### Given data:
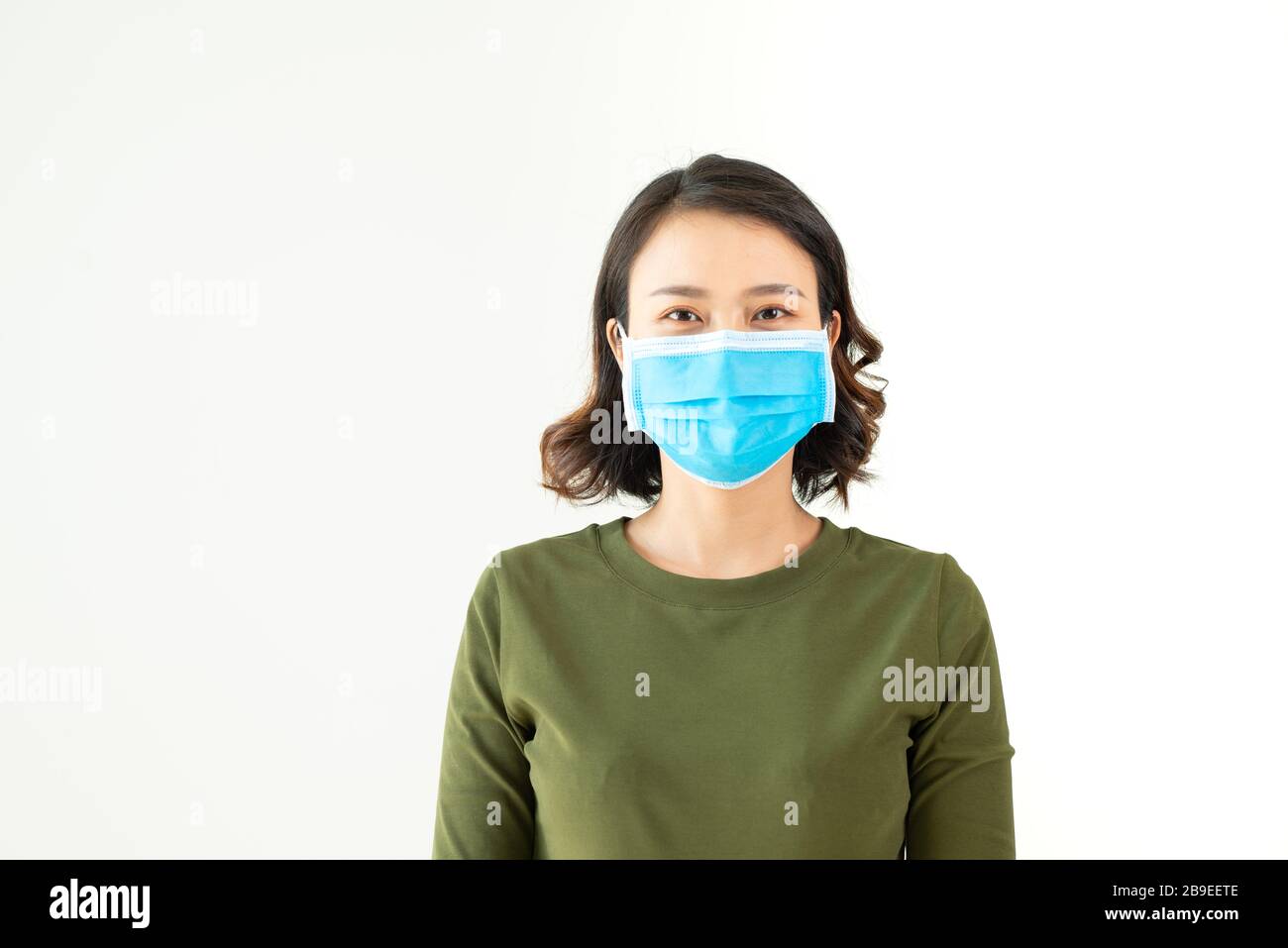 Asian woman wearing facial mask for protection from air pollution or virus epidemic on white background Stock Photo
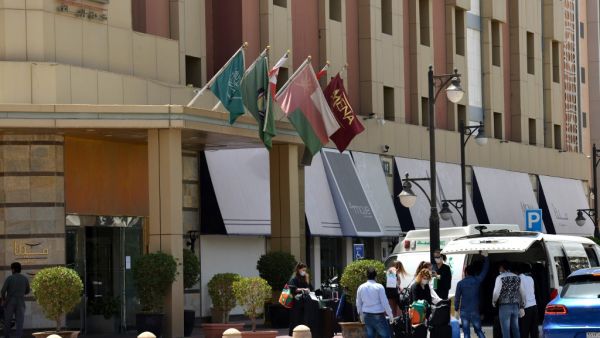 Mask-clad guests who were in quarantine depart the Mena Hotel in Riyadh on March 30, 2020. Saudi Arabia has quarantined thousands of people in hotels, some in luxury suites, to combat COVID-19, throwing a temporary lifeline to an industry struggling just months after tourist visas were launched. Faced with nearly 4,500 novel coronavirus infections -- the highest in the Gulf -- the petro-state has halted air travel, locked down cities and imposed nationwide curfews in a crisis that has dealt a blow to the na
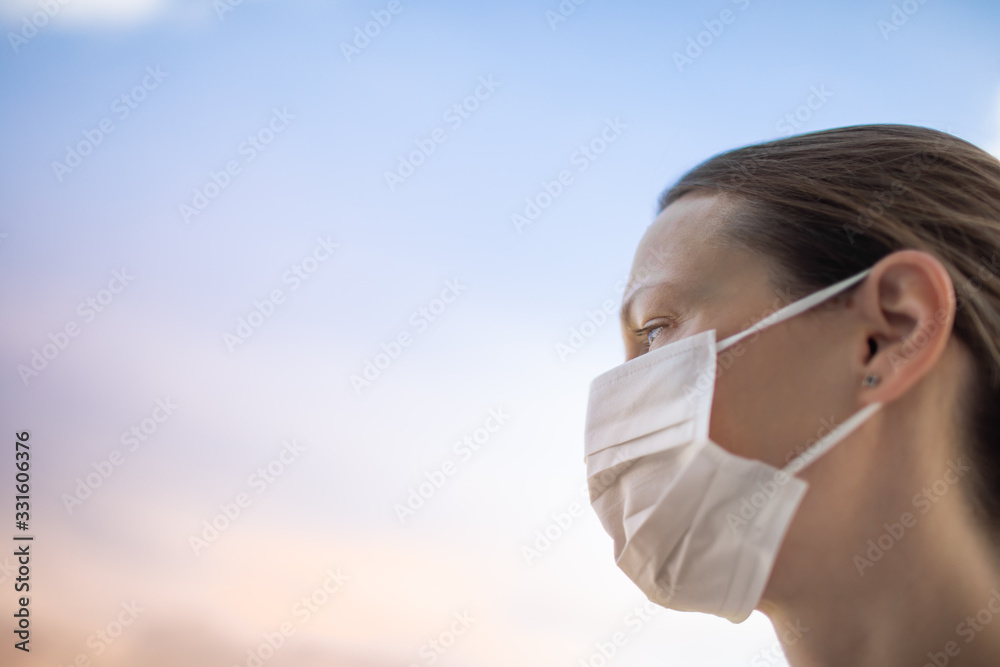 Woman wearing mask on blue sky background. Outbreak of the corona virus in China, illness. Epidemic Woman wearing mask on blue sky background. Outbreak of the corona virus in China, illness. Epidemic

==

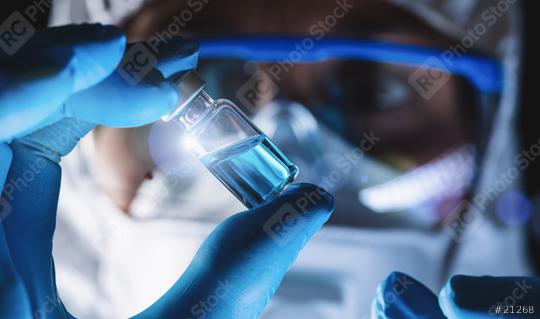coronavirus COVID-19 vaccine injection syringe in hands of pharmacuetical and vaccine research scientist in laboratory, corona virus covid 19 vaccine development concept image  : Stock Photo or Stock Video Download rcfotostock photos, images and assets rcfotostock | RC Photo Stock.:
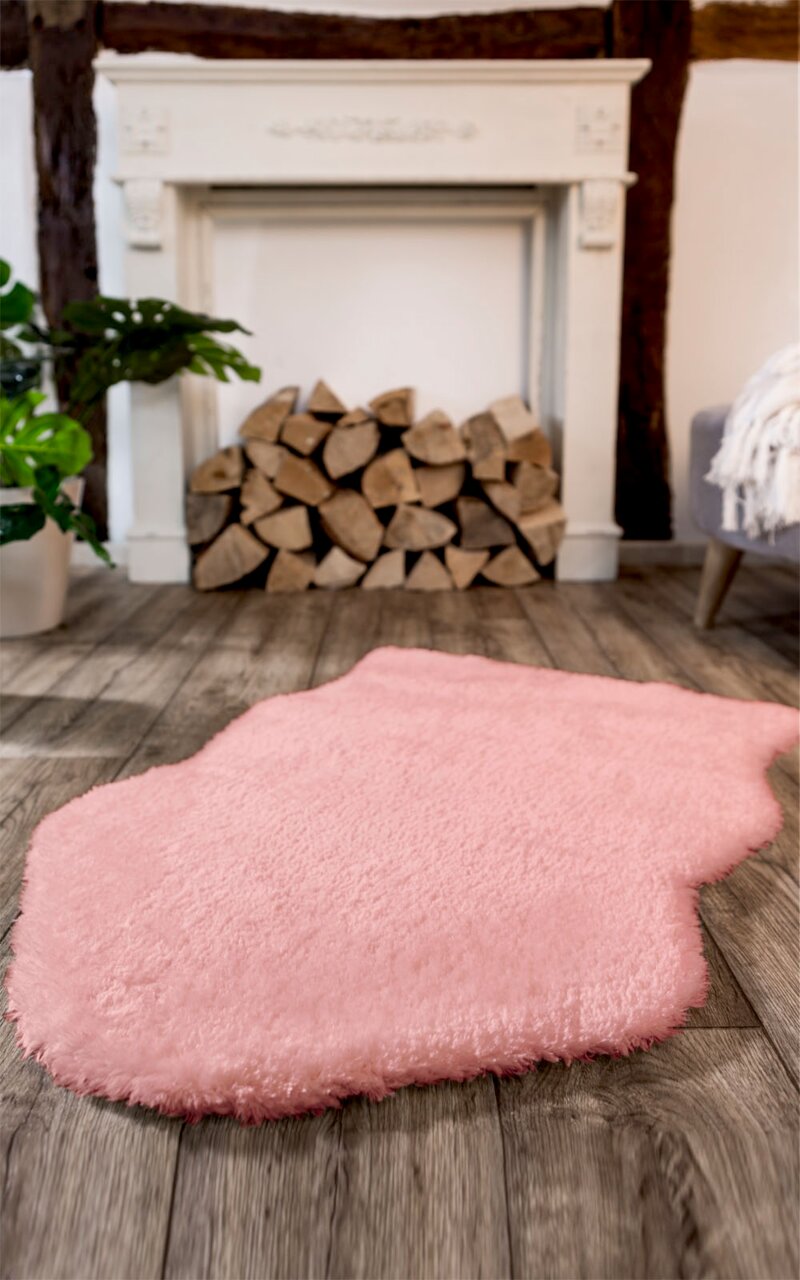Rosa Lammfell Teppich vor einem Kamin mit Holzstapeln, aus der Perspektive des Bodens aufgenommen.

### Instructions for the task:
Precisely those lines above that run from the line with "coronavirus COVID-19 vaccine" up to and including the line with "Rosa Lammfell Teppich" are to be set down, with the pictures omitted.

### Task solution:
coronavirus COVID-19 vaccine injection syringe in hands of pharmacuetical and vaccine research scientist in laboratory, corona virus covid 19 vaccine development concept image  : Stock Photo or Stock Video Download rcfotostock photos, images and assets rcfotostock | RC Photo Stock.:
Rosa Lammfell Teppich vor einem Kamin mit Holzstapeln, aus der Perspektive des Bodens aufgenommen.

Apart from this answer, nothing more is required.